Rule 72(a) of the Federal Rules of Civil Procedure provides further guidance as to reviewing non-dispositive pretrial orders of magistrate judges. It establishes a fourteen-day period for parties to object to such orders. And it mandates that the district judge "consider timely objections and modify or set aside any part of the order that is clearly erroneous or is contrary to law."
Rule 72(a) and § 636(b)(1)(A) set out a "highly deferential standard [that] requires the court to affirm the decision of the magistrate judge unless `on the entire evidence [the court] is left with a definite and firm conviction that a mistake has been committed.'" Baylor Health Care Sys. v. Equitable Plan Servs., Inc., 955 F.Supp.2d 678, 689 (N.D. Tex. 2013) (quoting United States v. U.S. Gypsum Co., 333 U.S. 364, 395 (1948)); accord Gomez v. Ford Motor Co., No. 5:15-CV-866-DAE, 2017 WL 5201797, at *2 (W.D. Tex. Apr. 27, 2017) (same). With respect to reviewing a non-dispositive order of a magistrate judge, the following principles apply:
Baylor Health Care Sys., 955 F. Supp. 2d at 689 (omitting citations and internal quotation marks while quoting Arters v. Univision Radio Broadcasting TX, L.P., No. 3:07-CV-0957-D, 2009 WL 1313285, at *2 (N.D. Tex. May 12, 2009)). The clearly erroneous standard of review "does not entitle the court to reverse or reconsider the order simply because it would or could decide the matter differently." Gomez, 2017 WL 5201797, at *2 (citing Guzman v. Hacienda Records & Recording Studio, Inc., 808 F.3d 1031, 1036 (5th Cir. 2015)). To the contrary, "the great deference owed to the [magistrate] judge's findings compels the conclusion that [w]here there are two permissible views of the evidence, the factfinder's choice between them cannot be clearly erroneous." Guzman, 808 F.3d at 1036 (citations and internal quotation marks omitted).

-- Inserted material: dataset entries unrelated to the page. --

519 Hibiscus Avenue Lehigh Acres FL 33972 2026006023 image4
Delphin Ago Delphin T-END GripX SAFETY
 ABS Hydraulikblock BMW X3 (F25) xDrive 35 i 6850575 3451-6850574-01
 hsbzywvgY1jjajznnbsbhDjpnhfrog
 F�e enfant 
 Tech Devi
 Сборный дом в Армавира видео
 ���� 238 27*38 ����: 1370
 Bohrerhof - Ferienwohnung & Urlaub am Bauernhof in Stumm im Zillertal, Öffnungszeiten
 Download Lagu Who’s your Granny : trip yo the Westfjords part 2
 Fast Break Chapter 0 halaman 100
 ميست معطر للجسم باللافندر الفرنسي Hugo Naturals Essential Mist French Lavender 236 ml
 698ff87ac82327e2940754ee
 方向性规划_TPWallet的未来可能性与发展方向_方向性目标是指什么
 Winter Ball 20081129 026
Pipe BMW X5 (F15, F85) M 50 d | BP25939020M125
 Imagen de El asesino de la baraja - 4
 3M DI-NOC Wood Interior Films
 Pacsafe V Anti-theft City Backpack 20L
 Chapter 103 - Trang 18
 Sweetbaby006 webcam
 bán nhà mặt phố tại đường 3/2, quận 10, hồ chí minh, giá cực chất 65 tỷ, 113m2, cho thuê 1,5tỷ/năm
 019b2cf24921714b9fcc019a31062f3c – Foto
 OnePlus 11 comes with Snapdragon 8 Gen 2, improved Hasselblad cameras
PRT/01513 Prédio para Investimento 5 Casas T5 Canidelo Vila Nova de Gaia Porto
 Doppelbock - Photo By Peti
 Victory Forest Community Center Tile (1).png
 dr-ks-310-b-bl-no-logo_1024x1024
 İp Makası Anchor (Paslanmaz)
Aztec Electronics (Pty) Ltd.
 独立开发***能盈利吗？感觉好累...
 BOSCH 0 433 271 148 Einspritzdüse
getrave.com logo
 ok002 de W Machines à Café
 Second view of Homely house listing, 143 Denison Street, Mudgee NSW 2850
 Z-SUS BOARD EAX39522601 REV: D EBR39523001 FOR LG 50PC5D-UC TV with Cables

Consistent with § 636(b)(1) and Rule 72(a), the Court reviews the order entered by the Magistrate Judge and the objections thereto.
Pursuant to the Federal Arbitration Act, 9 U.S.C. § 3, and the Convention on the Recognition and Enforcement of Foreign Arbitral Awards, 9 U.S.C. § 208, Espada moved to stay the proceedings in this case pending resolution of currently pending arbitration it commenced against LeJeune in London, England. See Mot. Stay at 1-3. Citing § 3, it argues that, "[b]ecause there exists an issue referable to arbitration under a written arbitration agreement, the Court must stay the trial of this action and all proceedings herein until the arbitration has been had in accordance with the terms of the agreement." Id. at 4.
On December 2, 2019, the Magistrate Judge denied the motion for stay after a hearing. See Order (ECF No. 64). She recognized that "Espada moves for an order staying all proceedings in this case so that an arbitrator in London can adjudicate the overtime claims raised in this suit." Id. at 4. She further recognized that (1) LeJeune is a Louisiana resident, (2) Espada is a Texasbased company, (3) those parties executed two Independent Contractor Service Agreements that both contain identical arbitration provisions, (4) those agreements require that arbitration be conducted in accordance with terms of the London Maritime Arbitrators Association ("LMAA") current at the commencement of arbitration proceedings; (5) Espada commenced arbitration proceedings in London, (6) the motion to stay relies on the enforceability of the arbitration provision, (7) the Federal Arbitration Act ("FAA") imposes a presumption favoring arbitration but such presumption arises only after the party seeking arbitration proves that a valid arbitration agreement exists, and (8) the Convention on the Recognition and Enforcement of Foreign Arbitral Awards of June 10, 1958 governs arbitration agreements designating an international forum. Id. at 4-5.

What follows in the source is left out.